If Iraq and the Palestinians (search) hold successful elections before Bush's trip, the U.S. and European agendas would coincide in supporting the victors and in making the stability of both Palestine and Iraq a top priority, Dobbins said Thursday.

"So we could have a lot more to work with if things go well," said Dobbins, director of international security and defense policy for the Rand Corp.

But a former Polish deputy foreign minister, Radek Sikorski, foresaw more trouble ahead. For example, he said, the United States must tread carefully in its response to the effort by some members of the European Union, such as Germany and France, to persuade the EU to lift its 15-year-old arms embargo on China.

"U.S. aircraft carriers in the Taiwan Strait do not want to be attacked with good French Exocet missiles," Sikorski said Thursday.

On Iraq, Sikorski said, Europe and the United States will have to agree to disagree. The passions of the French and German electorates may not allow the leaders of those countries to make a gesture of reconciliation, he said.

"Once you let the genie of anti-Americanism out of the bottle, it is very difficult to get it back in," said Sikorski, who now directs the new Atlantic Initiative at the American Enterprise Institute, a conservative think-tank.
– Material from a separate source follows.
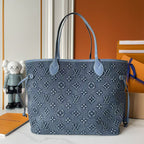 Embossed Denim Neverfull Tote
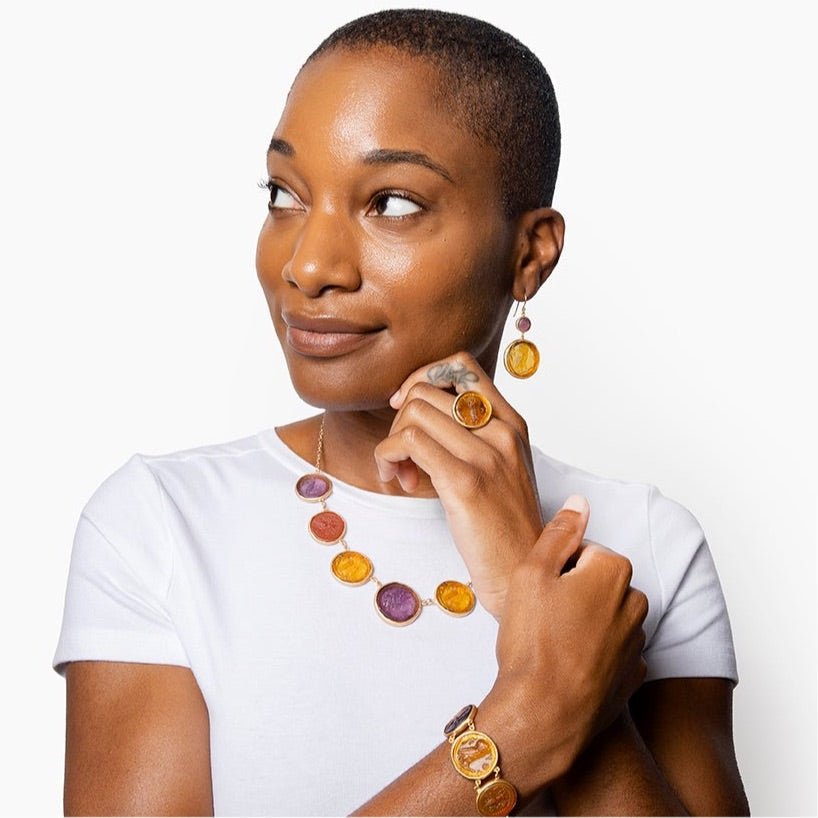 Glass Coin of Athens Motif Double Drop Earrings - Che Cose Belle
Bush demonstrated his independence in going to war in Iraq without French, German and Russian support. And he refuses to cave in to European demands for U.S. pressure on Israel to make difficult concessions to the Palestinians.

After winning re-election last month, Bush said he would continue his philosophy of taking action, if necessary, "in order to protect our country first and foremost," even as he expressed a desire to try to "reach out to others and explain why I make the decisions I make."

Bush's European travel will be his first overseas venture in his second term. It will begin Feb. 22 at the headquarters of the North Atlantic Treaty Organization in Brussels, Belgium, a reminder of how important the United States has been to European security over the decades.

"NATO would not exist if it had not been for the United States," former British Foreign Secretary Robin Cook acknowledged in an appearance at the Center for American Progress, a liberal think-tank.

Bush also will meet with the European Union that day and is expected to address at some point the European Parliament in Strasbourg, France, a stop not yet announced by the White House.

He will face French President Jacques Chirac, perhaps his harshest — but not only — European critic. Thursday, Powell said he hoped the U.S.-French relationship could be improved, and that "it is not as bad as people say it is."

Besides, "we are always looking for ways to improve the relationship," Powell told France 3 Television.

James Steinberg, a Brookings Institution vice president who was deputy national security adviser during the Clinton administration, said Bush undoubtedly was trying to be more sensitive in his second term to trans-Atlantic relations.

"But at the end of the day, whether this rift can be healed depends on both sides being willing to respond to the concerns and interests of the other," Steinberg said. On Bush's part, that would mean tackling the Middle East and "taking seriously international law and international institutions."

Former Prime Ministers Antonio Oliveira Guterres of Portugal and Nyrup Rasmussen of Denmark saw the problem rooted in U.S. misunderstanding of Europeans.

Speaking at the Center for American Progress, a liberal think tank, Rasmussen said some Americans think of Europeans as "soft people." But, he said, "we don't compromise about freedom, democracy, and security and prosperity for everybody."

And Guterres said, "the United States feels itself as the country that is struggling for democracy and for human rights everywhere" and that "Europeans tend to be soft and unable to assert themselves and having their hands tied in a kind of ineffective multilateralism."